Pensez-vous que la laïcité est manipulée par certains hommes politiques ?
Oui. On s’en sert souvent contre l’islam en faisant croire qu’il y aurait qu’une seule manière de penser, qu’il devrait avoir qu’un seul modèle de citoyen : le Gaulois masculin, blond aux yeux bleus catholique. Alors que nous avons une diversité de citoyens français qui est une richesse pour le pays, dès lors qu’on se respecte les uns les autres.
La laïcité est manipulée pour discriminer et faire peur. Alors oui, il y aujourd’hui plus de femmes qui portent le voile qu’il y a dix ans. Je comprends que cela puisse heurter la sensibilité de certaines personnes mais tant que le comportement de ces femmes n’est pas contraire aux lois de la République, je ne vois pas pourquoi on devrait s’en plaindre.

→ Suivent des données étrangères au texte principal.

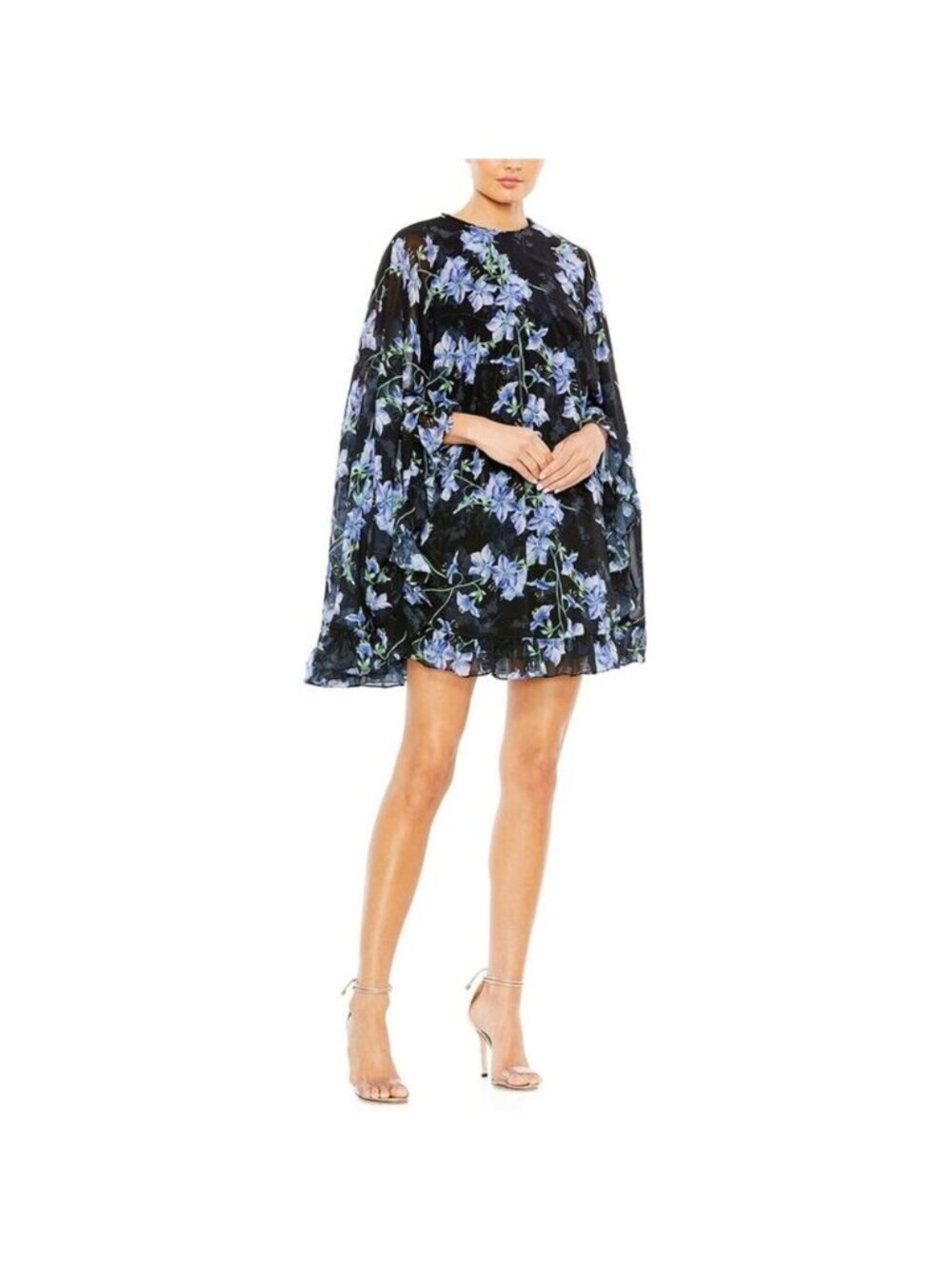NWT Ieena for Mac Duggal 56028 High Neck Cape Mini Dress Size 2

Ce qui est condamnable par contre c’est quand un cafetier refuse de servir une femme ou quand un restaurant refuse à une femme voilée d’entrer dans son établissement. Dans ces deux cas, la justice doit être saisie.

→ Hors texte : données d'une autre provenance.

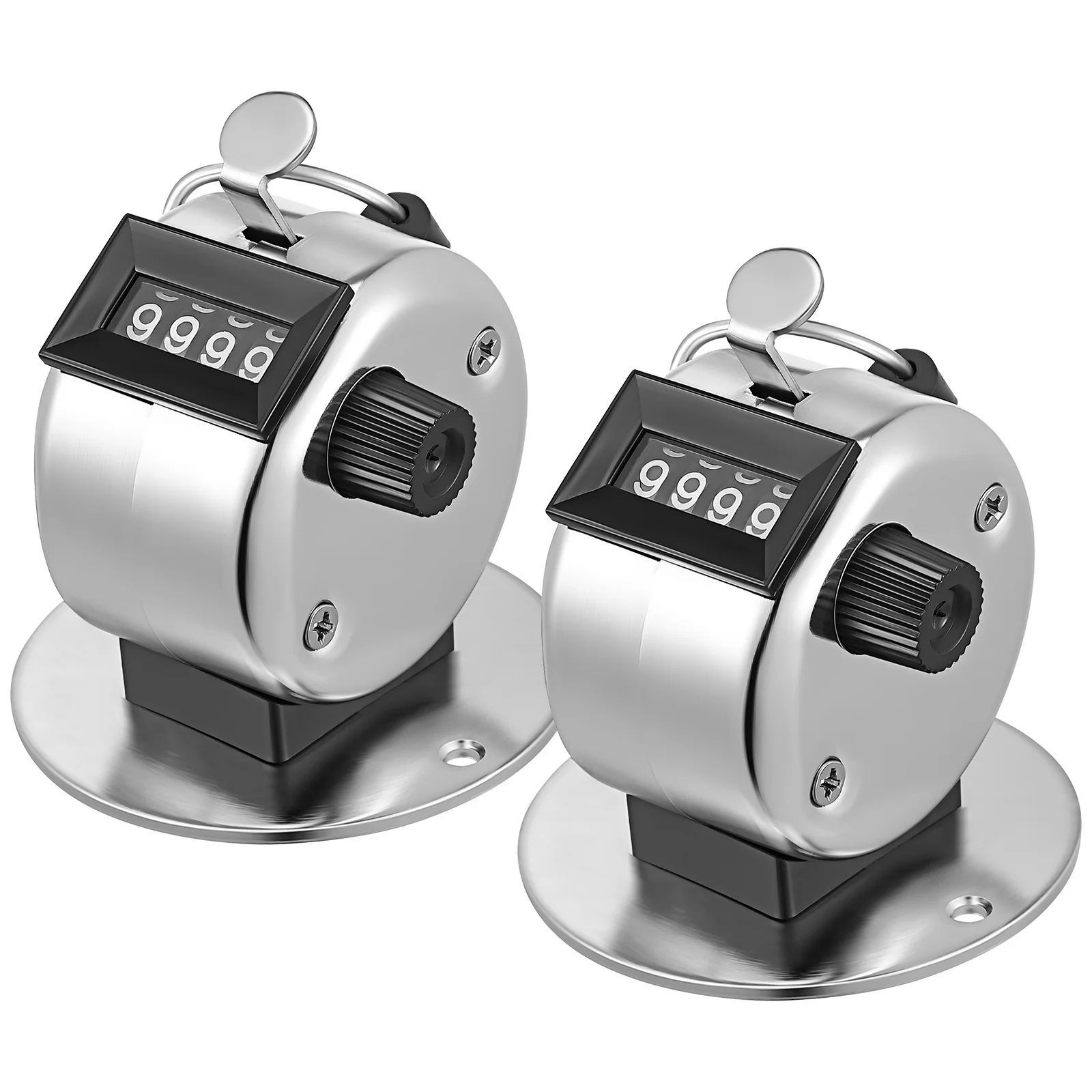 2 pezzi contatore di conteggio numero di passo manuale strumento di conteggio per maglieria ripristinabile contatori meccanici con clicker per dito squadra di base in metallo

L’islam radical est souvent pointé du doigt. Est-ce que vous avez observé pendant vos huit ans à la tête de l’observatoire des dérives d’autres religions ?
Tout d’abord, ce ne sont pas les religions qui ne respectent pas les lois de la République, mais certains croyants. Il y a certains établissements catholiques sous contrat avec l’État qui ne respectaient pas complètement les lois de la République mais ce sont des cas rares.
Quand nous avons pointé ces manquements au principe de laïcité, nous avons remarqué qu’elles n’étaient pas punies de la même manière que ceux concernant l’islam. Oui, il y a de la discrimination. Et c’est dangereux parce que cela aboutit à un sentiment d’injustice qui peut en radicaliser certains.